WORK ITEM: Print the line containing "Armedangels Loose Fit", then every line after it through the end of the material, exactly as written and without pictures.

AVAILABLE DATA:
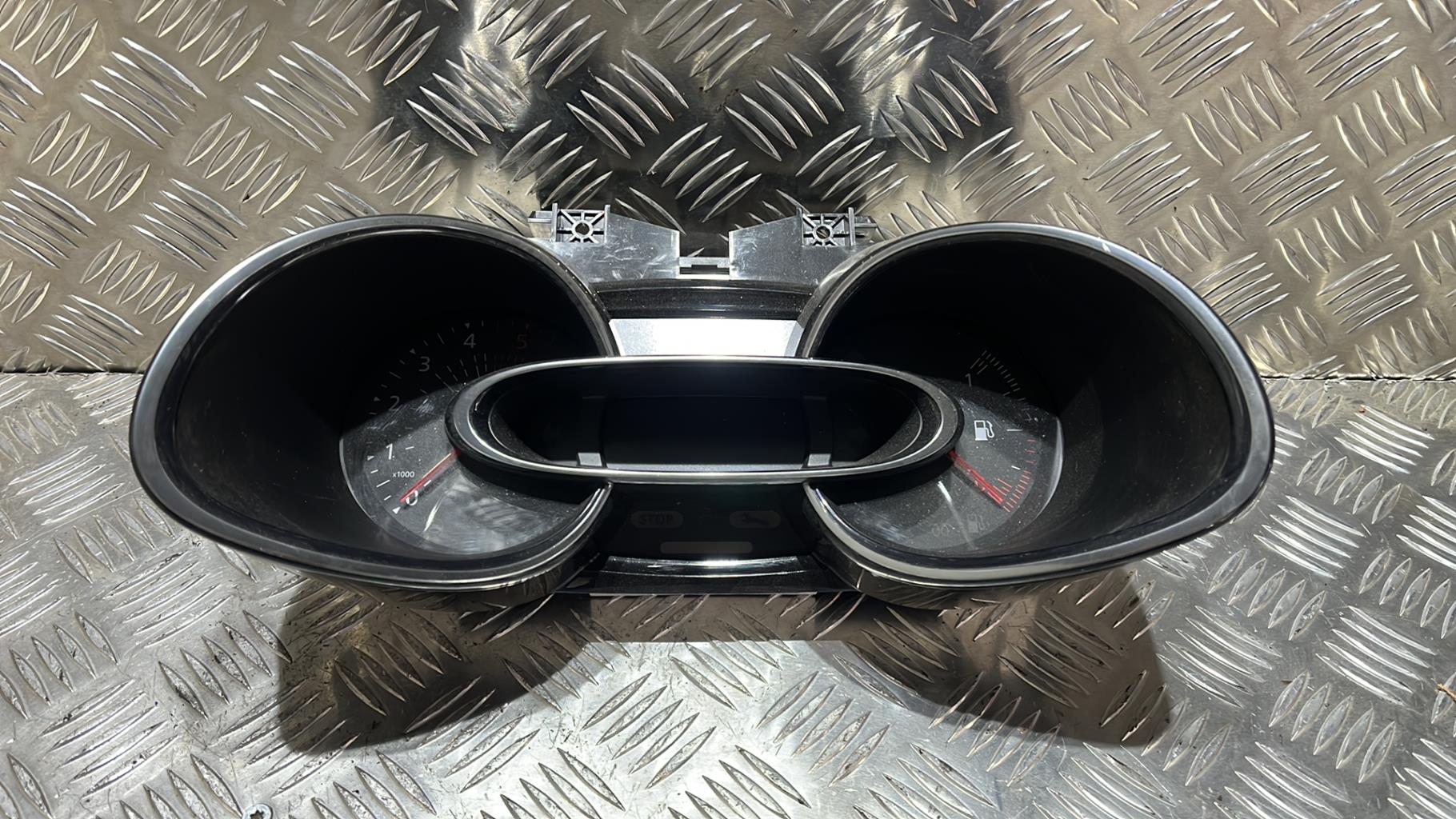 Compteur RENAULT CLIO 4 PHASE 2 Diesel - 1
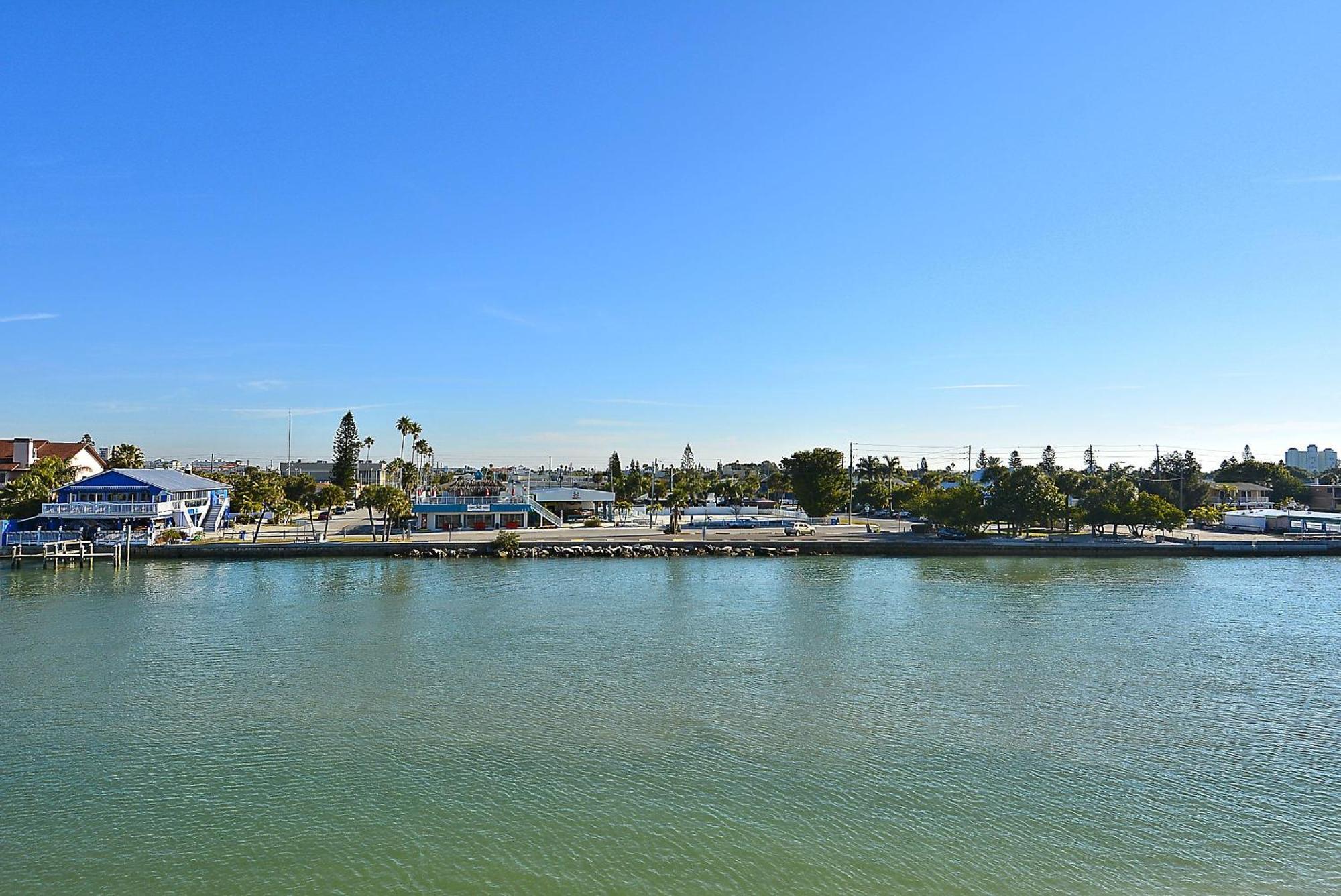 Land's End 4-304 Bay Front - Premier *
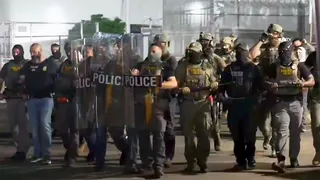 ICE agents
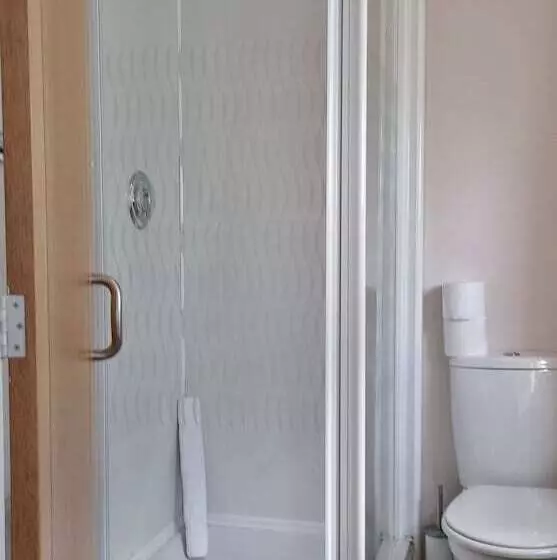 בית מלון כפרי Legends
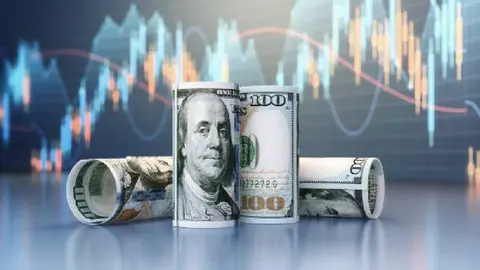 Precio del dólar 3 de marzo 2025: El peso arranca la semana ganando unos centavos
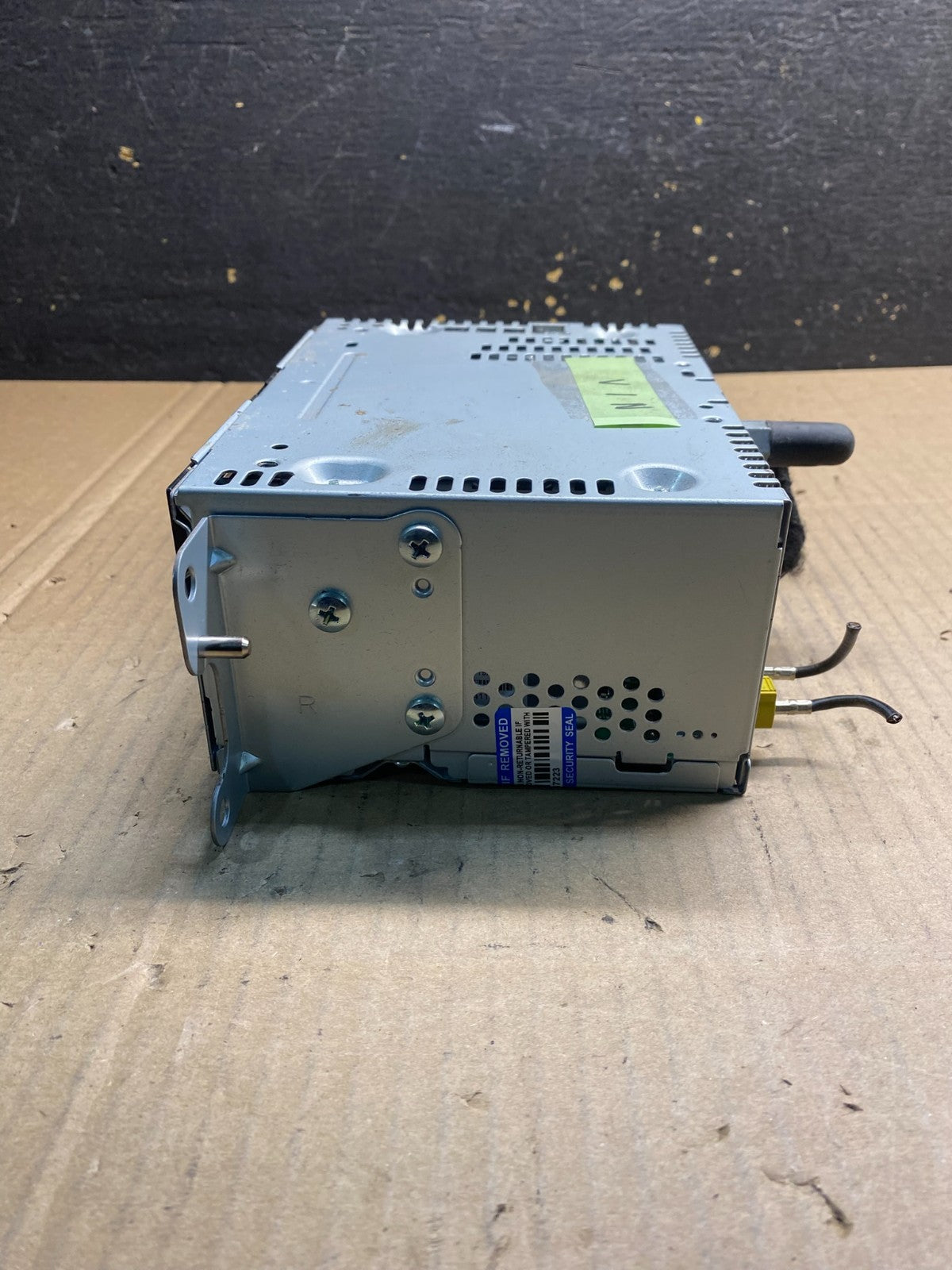 2014 to 2015 Ford Explorer Audio Equipment Radio Receiver AM FM CD AB2685 DG1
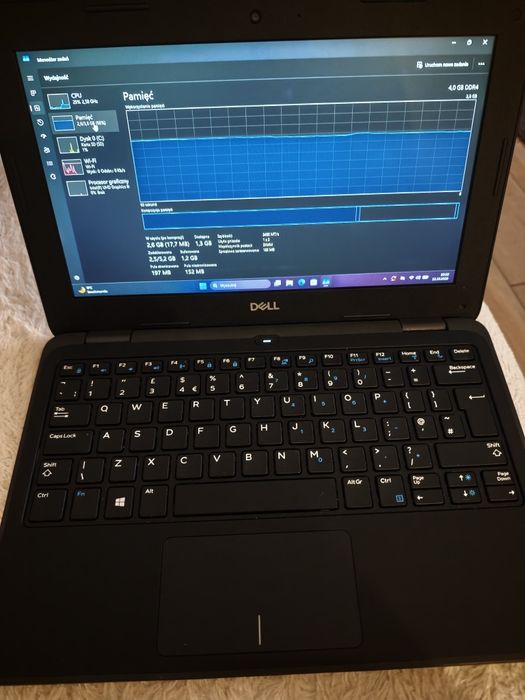 Dell Latitude 3190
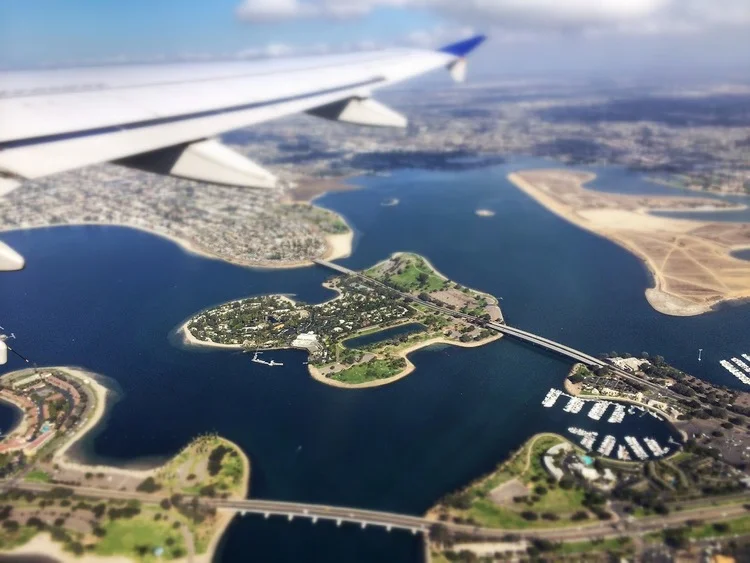 Use Your Camera Phone on US Flights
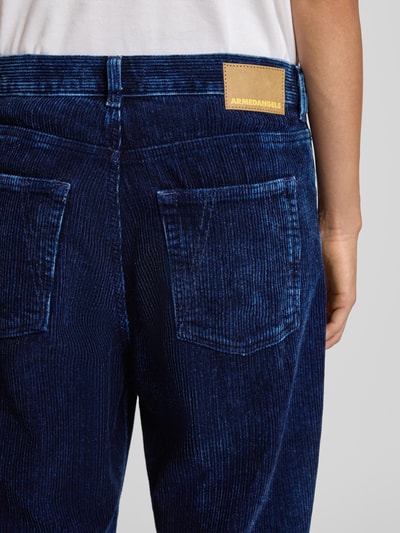 Armedangels Loose Fit Hose aus Cord Modell 'HAAYI INDIGO CORD' Jeansblau 3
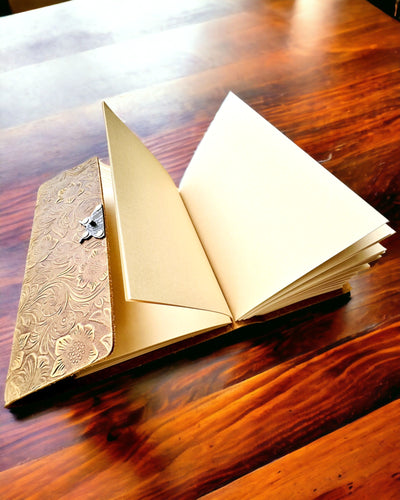 Luxuriöses Retro-Notizbuch mit Ledereinband - "Vintage Elegance", 480 Seiten, personalisierbar mit Gravur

WORKED SOLUTION:
 Armedangels Loose Fit Hose aus Cord Modell 'HAAYI INDIGO CORD' Jeansblau 3
 Luxuriöses Retro-Notizbuch mit Ledereinband - "Vintage Elegance", 480 Seiten, personalisierbar mit Gravur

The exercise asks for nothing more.